Here’s an interesting statistic: Only about 20 to 30 percent of people who enter principal preparation programs intend to become K-12 school principals, according to the Wallace Foundation.
That’s troubling on many fronts, most obviously because of the looming shortage of school leaders and the importance of strong leadership to turn around struggling schools. And, “that’s a lot of wasted money,” says Jody Spiro, a senior program officer at Wallace.
The foundation is looking for innovative ways to not only ensure that most people who enter these higher education programs actually want to become K-12 principals, but also to find ways to better prepare those candidates. Currently, too many programs focus on managing budgets and administrative tasks, when principals really should be instructional leaders who spend much of their time in classrooms.

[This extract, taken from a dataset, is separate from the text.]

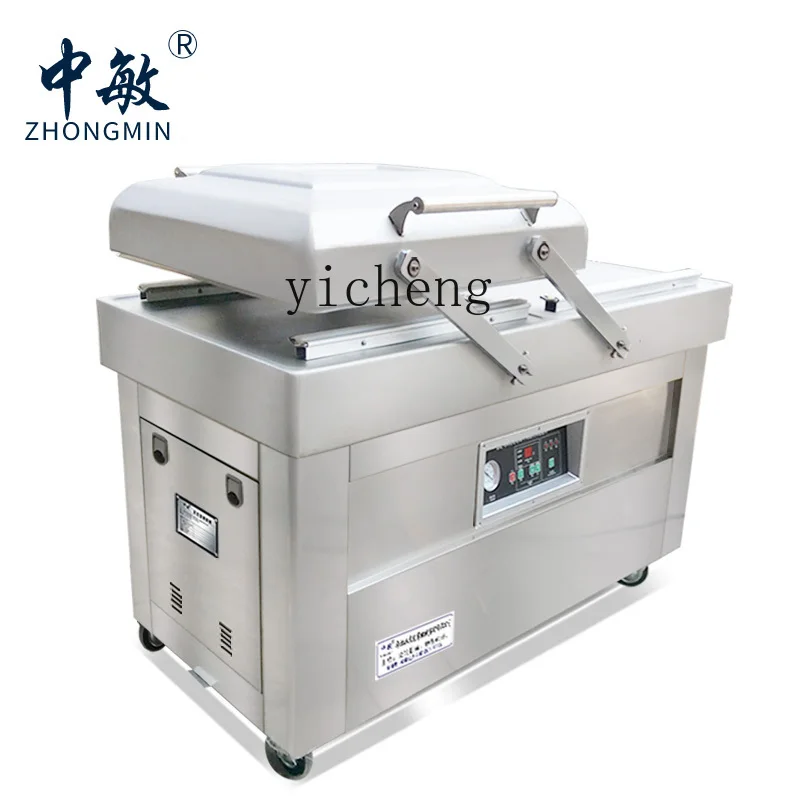 CC27-Vakuumverpackungsmaschine – Packaging Bewertung und Preis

Wallace hosted a luncheon for state legislators at the National Conference for State Legislature’s annual federal relations meeting last week in Washington, D.C. Some of the best practices discussed included six-month principal internships, where a principal candidate not only shadowed an experienced principal but also was allowed to oversee programs and make decisions, as well as multi-year mentorships for new principals.

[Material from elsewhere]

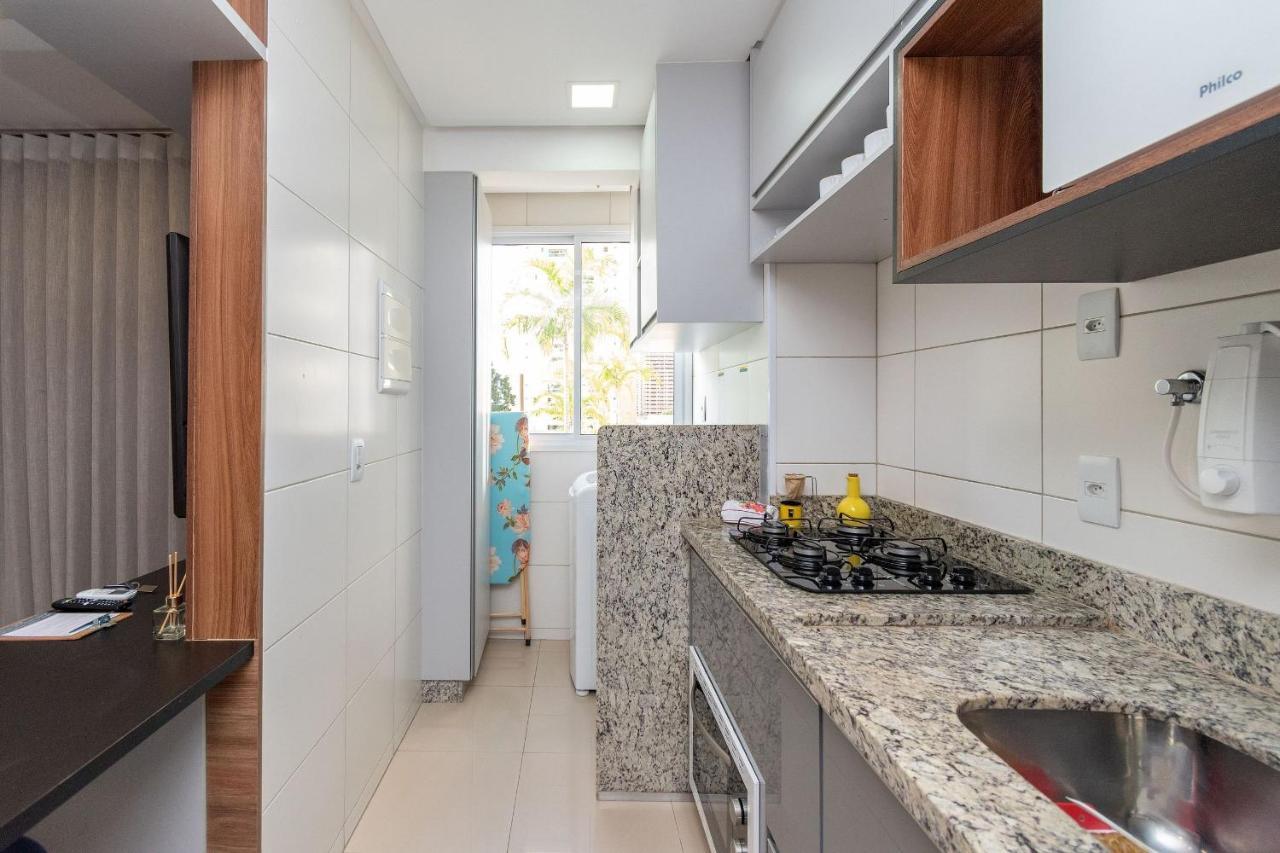 #Th116# Confortavel Duplex De 1 Quarto No Edificio The Expression - Setor Bueno - Tdh116 Goiânia Exterior photo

Several principal training programs, including one through Stanford University, have dramatically increased the numbers of graduates who become K-12 principals by more narrowly focusing their programs. Kentucky also has focused its principal training by creating other specialized programs for people who want additional training but don’t want to be principals, such as teacher leadership programs, according to one panelist.
So why do people enter principal training programs when they don’t want to be principals? Many of them want to go into different types of school administration or are merely looking for salary increases, Spiro says.